Sorgo rosso, di Mo Yan - Morwen

«Bisognerebbe vivere a posteriori. Decidiamo tutto troppo presto. Non avrei mai dovuto invitare quel tizio a cena. Una resa affrettata, dalle conseguenze disastrose. È vero che la pressione era fortissima. Tutta la tribù si era accanita a convincermi, ognuno nel proprio registro, una potenza di fuoco spaventosa:
«Come sarebbe?» sbraitava Jérémy, «Thérèse è innamorata e tu non vuoi vedere il suo tipo?»
«Non ho mai detto questo.»
Subentrava Louna:
«Thérèse trova un signore che si interessa a lei, fenomeno altrettanto improbabile di un tulipano su Marte, e a te non frega niente?»
«Non ho detto che non me ne fregava niente.»
«Nemmeno un briciolo di curiosità, Benjamin?»
»
La passione secondo Thérèse, di Daniel Pennac - Tancredi


«There is one mirror in my house. It is behind a sliding panel in the hallway upstairs. Our faction allows me to stand in front of it on the second day of every third month. The day my mother cuts my hair. I sit on the stool and my mother stands behind me with the scissors, trimming. The strands fall on the floor in a dull,blond ring.
When she finishes, she pulls the hair away from my face and twists it into a knot. I notice how calm she looks and how focused she is. She is well-practised in the art of losing herself.
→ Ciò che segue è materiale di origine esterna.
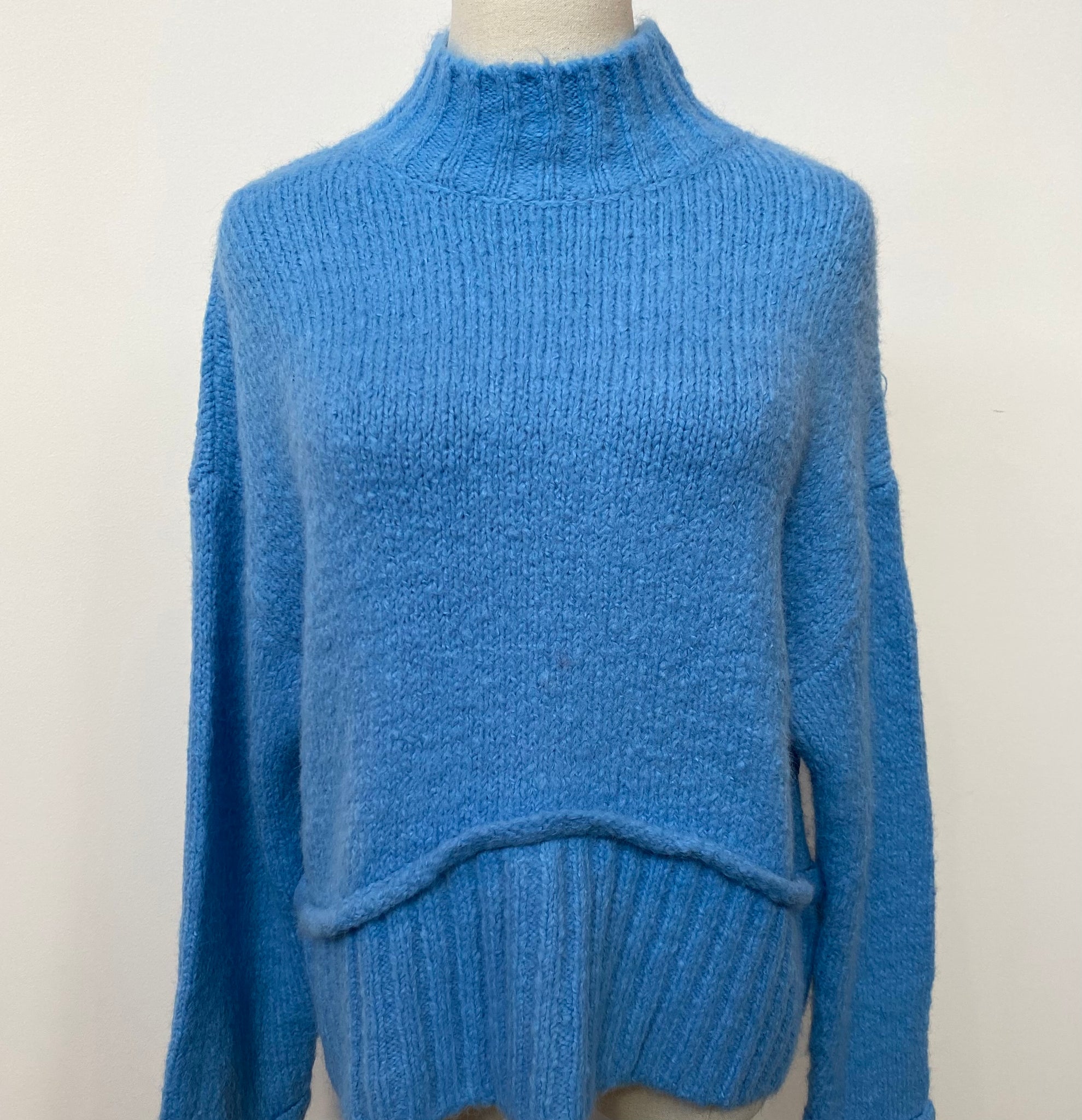 Blue Detailed Mock Turtleneck Sweater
I can't say the same thing of myself.
»
Divergent, di Veronica Roth - Valetta

«A somiglianza di una celebre definizione che fa dell'universo kantiano una catena di causalità sospesa a un atto di libertà, si potrebbe" dice il maggior critico italiano dei nostri anni "riassumere l'universo pirandelliano come un diuturno servaggio in un mondo senza musica, sospeso ad un'infinita possibilità musicale: all'intatta e appagata musica dell'uomo solo". credevo di aver percorso, à rebours, tutta la catena di causalità, e di essere riapprodato, uomo solo, all'infinita possibilità musicale di certi momenti dell'infanzia, dell'adolescenza: quando nell'estate, in campagna, lungamente mi appartavo in un luogo che mi fingevo remoto e inaccessibile, di alberi e d'acqua; e tutta la vita, il breve passato e il lunghissimo avvenire, musicalmente si fondevano, e infinitamente, alla libertà del presente.»